- _RECORDS SUPPLIED_
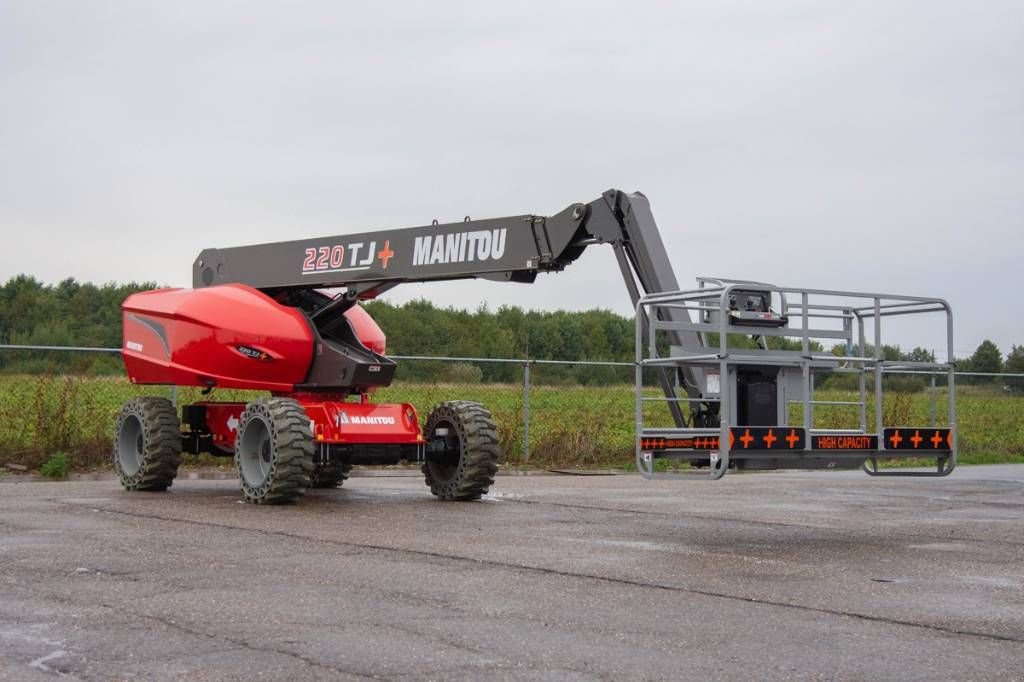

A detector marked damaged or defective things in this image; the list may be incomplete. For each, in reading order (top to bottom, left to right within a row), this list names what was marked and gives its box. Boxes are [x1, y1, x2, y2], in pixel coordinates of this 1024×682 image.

crack in asphalt [51, 497, 1024, 647]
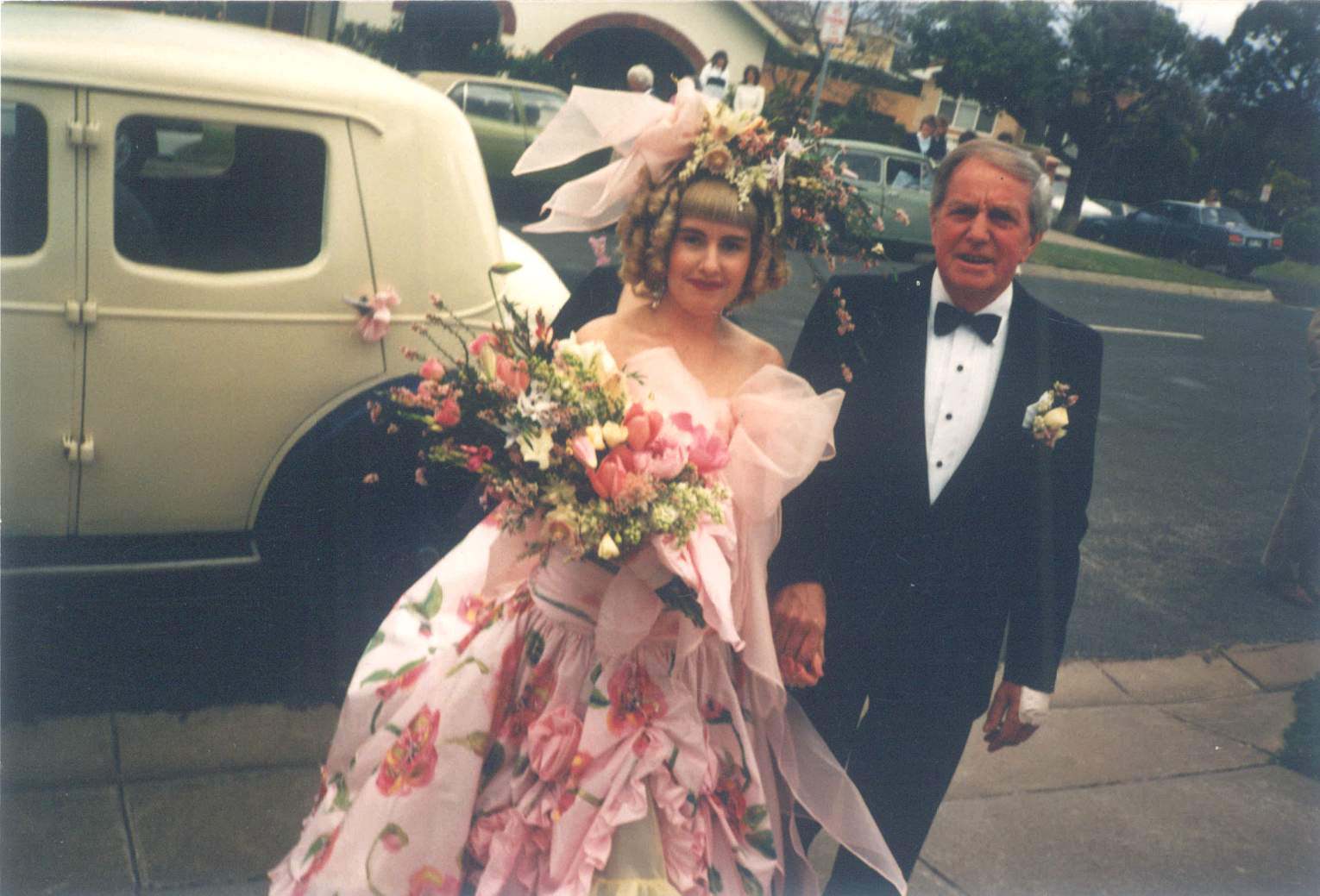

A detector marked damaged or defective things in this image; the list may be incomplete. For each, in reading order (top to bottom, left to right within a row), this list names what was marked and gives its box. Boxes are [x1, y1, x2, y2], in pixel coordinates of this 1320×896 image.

sidewalk crack [110, 712, 145, 896]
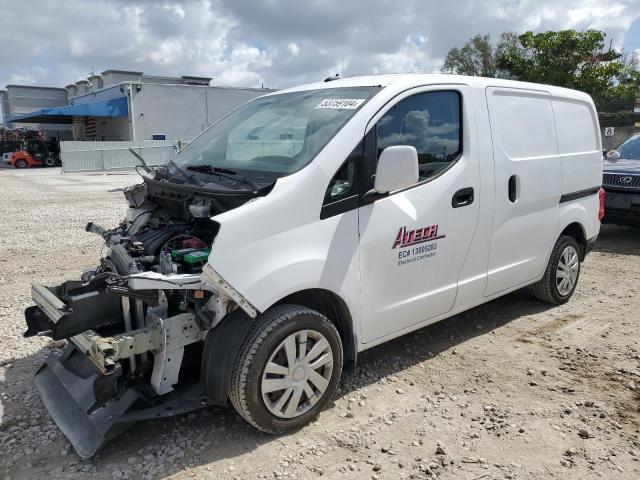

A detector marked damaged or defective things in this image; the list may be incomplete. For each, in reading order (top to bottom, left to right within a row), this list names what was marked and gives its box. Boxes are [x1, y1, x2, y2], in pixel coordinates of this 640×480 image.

crushed front end [23, 169, 262, 458]
damaged white van [25, 75, 604, 458]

- _ASSIGNMENT_
The range begins at the line containing "this 640×480 image." and ends at the last line of the entries; reproduce it exactly.

- _RESPONSE TO THIS EXERCISE_
A detector marked damaged or defective things in this image; the list may be incomplete. For each, in reading order (top to bottom, left to right within a row), this list names what was marked and gives its box. Boxes are [x1, y1, x2, y2], in pixel coordinates of this 640×480 image.

crushed front end [23, 169, 262, 458]
damaged white van [25, 75, 604, 458]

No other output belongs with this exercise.